*** Begin section ***

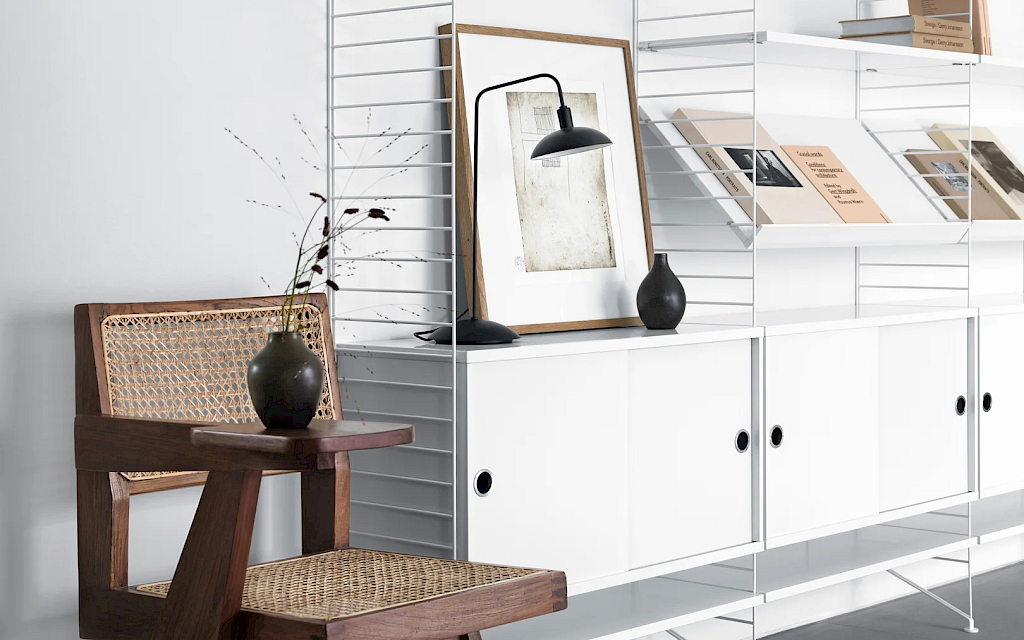 String Furniture Möbel String Regal weiss im Wohnzimmer bei Anliker Home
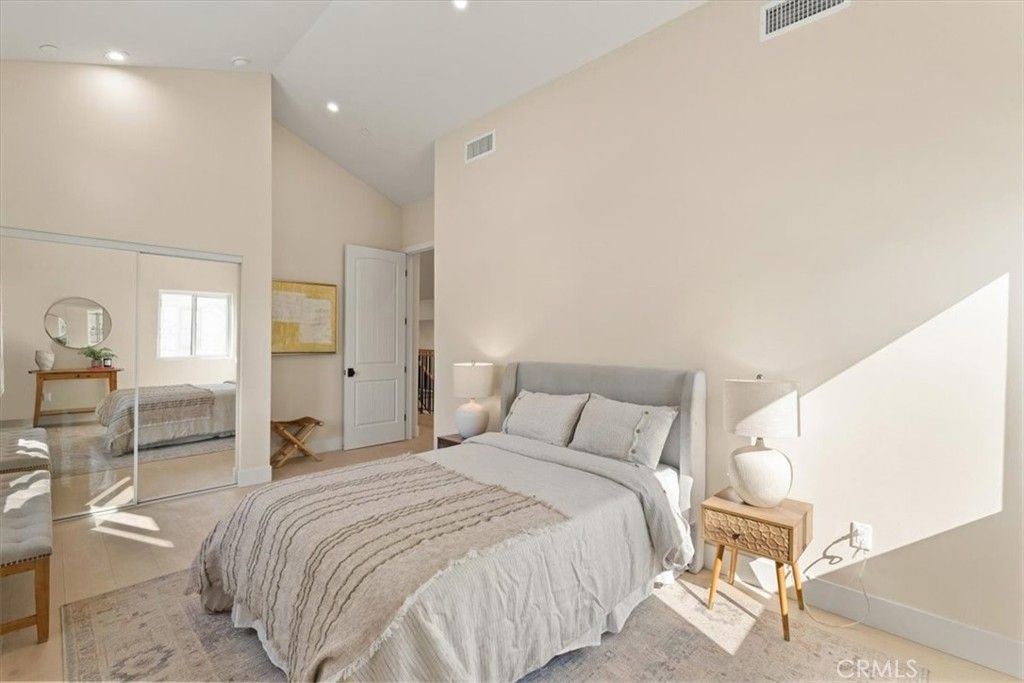 Image 21 of property listing at 10505 Jordan, Chatsworth, CA 91311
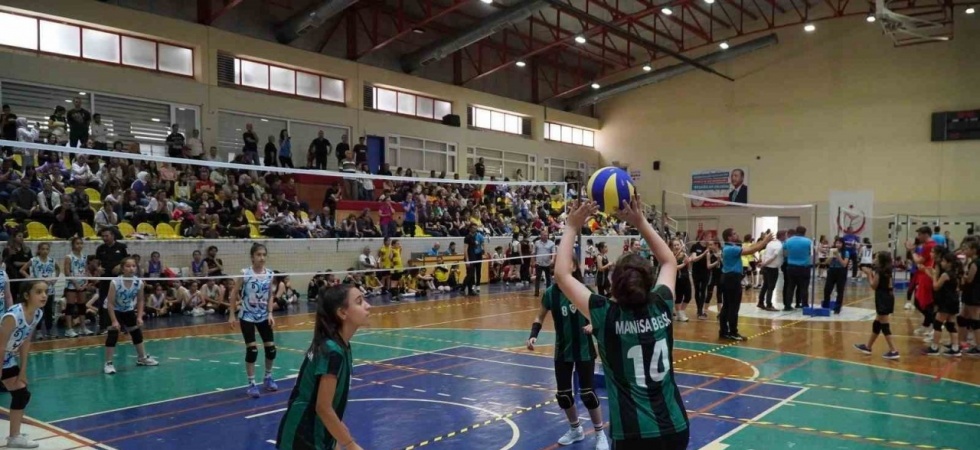 Manisa’da mini voleybol şenliği coşkuyla yapıldı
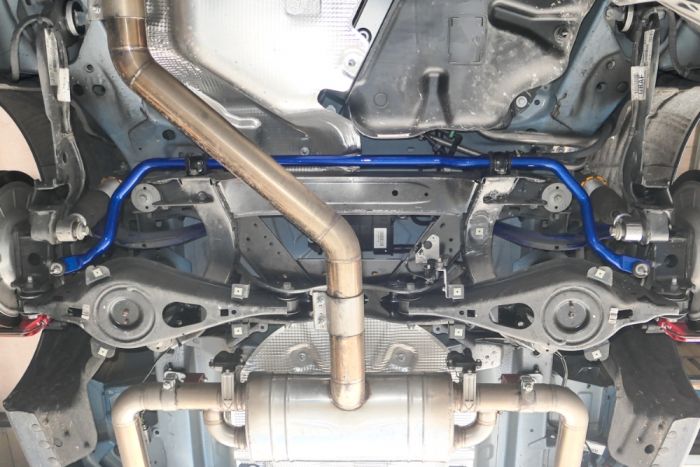 Barre anti-roulis arrière Hardrace - Ford Focus Mk4 ST Break 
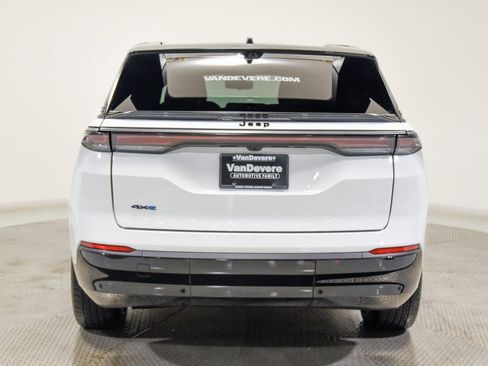 Used 2024 Jeep Wagoneer Launch Edition image 12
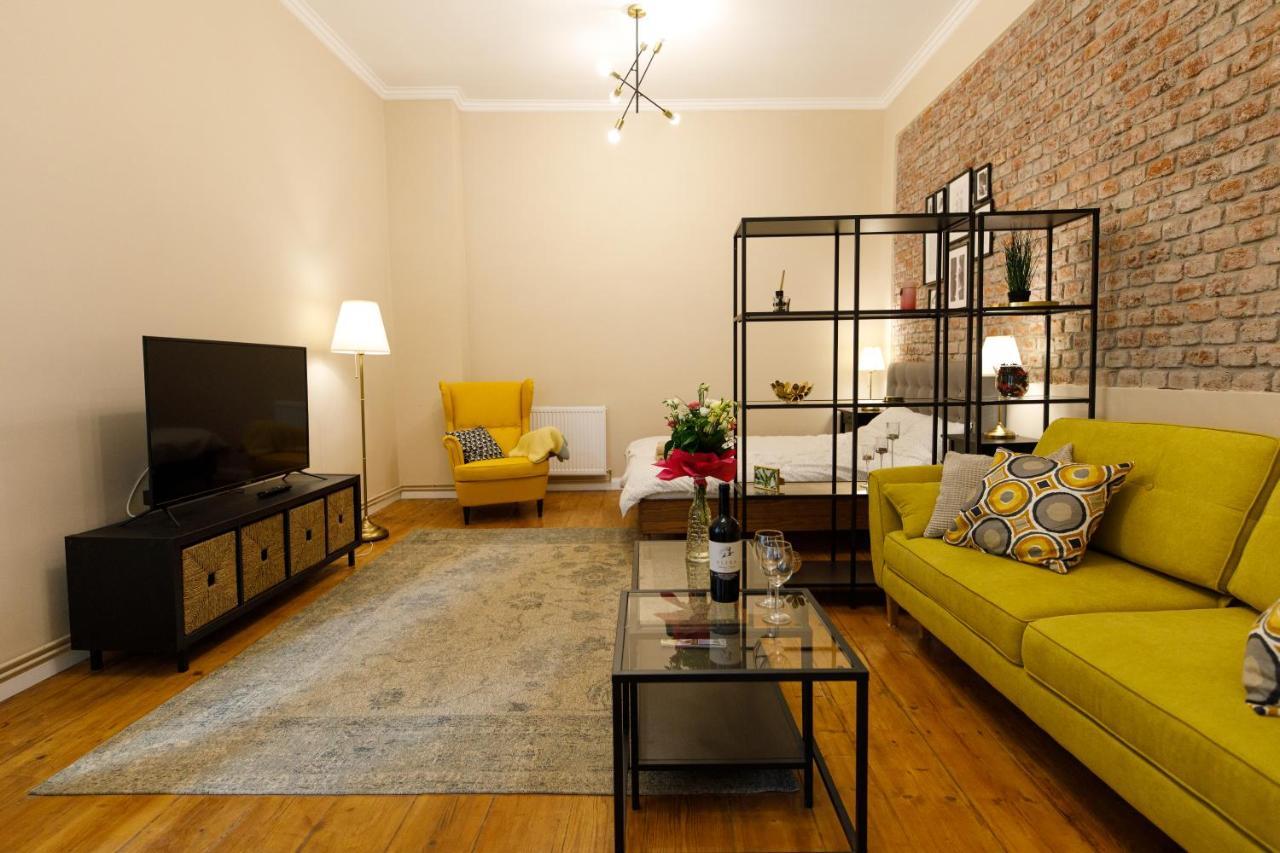 Stylish Flat In The Heart Of Historical Center Apartman Temesvár Kültér fotó
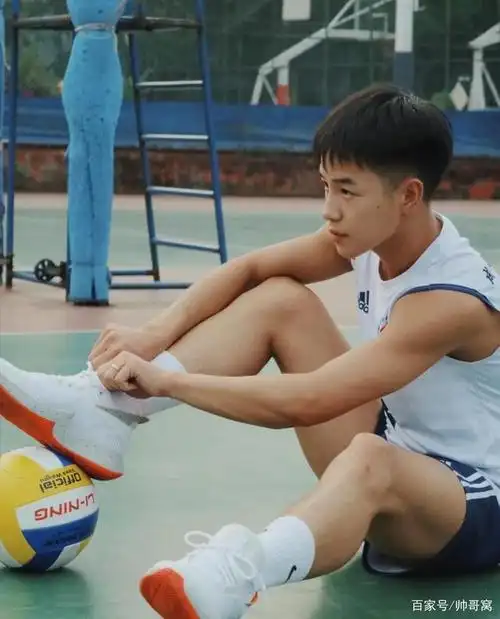 浑身散发青青气息的阳光体育生,喜欢打篮球的男生,果然气宇不凡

*** End section ***

**EXERCISE GOAL**
The reply should consist only of the lines running from the one with "Manisa’da mini voleybol" through the end of the material, both included, copied exactly; please omit pictures.

**OUTPUT FOR THIS TASK**
 Manisa’da mini voleybol şenliği coşkuyla yapıldı
 Barre anti-roulis arrière Hardrace - Ford Focus Mk4 ST Break 
 Used 2024 Jeep Wagoneer Launch Edition image 12
 Stylish Flat In The Heart Of Historical Center Apartman Temesvár Kültér fotó
 浑身散发青青气息的阳光体育生,喜欢打篮球的男生,果然气宇不凡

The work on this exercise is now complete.